Le opere creative di cd. pubblico dominio sfuggano alla tutela patrimoniale prevista dalla normativa sul diritto d’autore e siano quindi suscettibili di libero utilizzo. Le opere entrano nel pubblico dominio nel momento in cui siano scaduti i diritti di sfruttamento economico, generalmente settanta anni dalla morte dell’autore, ovvero sia decorso il tempo massimo di tutela stabilito dall’ordinamento.

L’opera in pubblico dominio può liberamente essere pubblicata, riprodotta, tradotta, recitata, comunicata, diffusa, eseguita, salvo il rispetto, in ogni caso, dei diritti morali in capo all’autore.

Per quanto riguarda invece, in particolare, i beni culturali, questi anche se entrati nel pubblico dominio, comunque non sono riproducibili liberamente. Il loro diritto di riproduzione, infatti, è attribuito all’ente titolare della tutela del bene culturale: ai sensi dell’art. 107 c.b.c., infatti, “il Ministero, le regioni e gli altri enti pubblici territoriali possono consentire la riproduzione nonché l'uso strumentale e precario dei beni culturali che abbiano in consegna”, fatte salve, naturalmente, le disposizioni in materia di diritto d'autore.

Gli enti che hanno in consegna i beni culturali, pertanto, possono consentirne, a loro discrezione, la riproduzione a titolo oneroso nonché l’uso strumentale dietro pagamento di un canone di concessione (art. 108 c.b.c.), quale compenso riconosciuto alla collettività per lo sfruttamento da parte di un singolo soggetto di un bene che rappresenta un interesse pubblico a causa del suo valore culturale.

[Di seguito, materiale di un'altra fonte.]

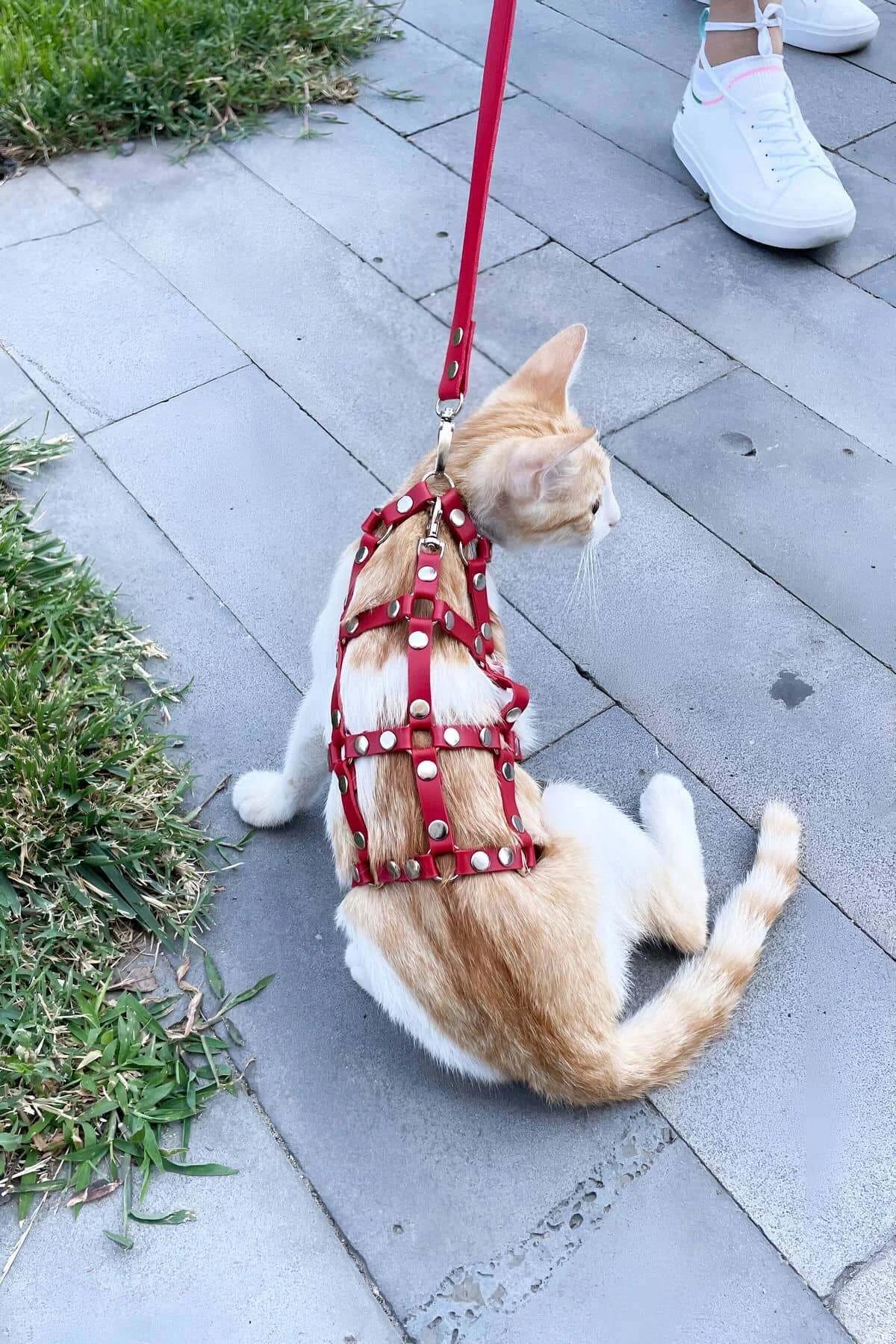 PU suni deri kırmızı kedi harness D-halka ve kemer tokası yakın çekim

Il decreto Art Bonus del 2014


In seguito all'approvazione del decreto Art Bonus del 2014, il comma 3 dell’art. 108 c.b.c., prevede che “nessun canone è dovuto per le riproduzioni richieste da privati per uso personale o per motivi di studio, ovvero da soggetti pubblici o privati per finalità di valorizzazione, purché attuate senza scopo di lucro, neanche indiretto”, salvo in ogni caso il rimborso delle spese sostenute dall'amministrazione concedente.

Il successivo comma 3 bis, del medesimo articolo, specifica che, “purché attuate senza scopo di lucro, neanche indiretto, per finalità di studio, ricerca, libera manifestazione del pensiero o espressione creativa, promozione della conoscenza del patrimonio culturale” sono in ogni caso libere le seguenti attività: 1) fotografare i beni culturali, ma solo “con modalità che non comportino alcun contatto fisico con il bene, né l'esposizione dello stesso a sorgenti luminose, né l'uso di stativi o treppiedi”; 2) divulgare con qualsiasi mezzo le immagini dei beni culturali legittimamente acquisite ma solo “in modo da non poter essere ulteriormente riprodotte dall'utente se non, eventualmente, a bassa risoluzione digitale”. Questa è la vera novità della recente modifica: libere foto nei musei e libera circolazione sul web purché non a scopo di lucro e a bassa risoluzione.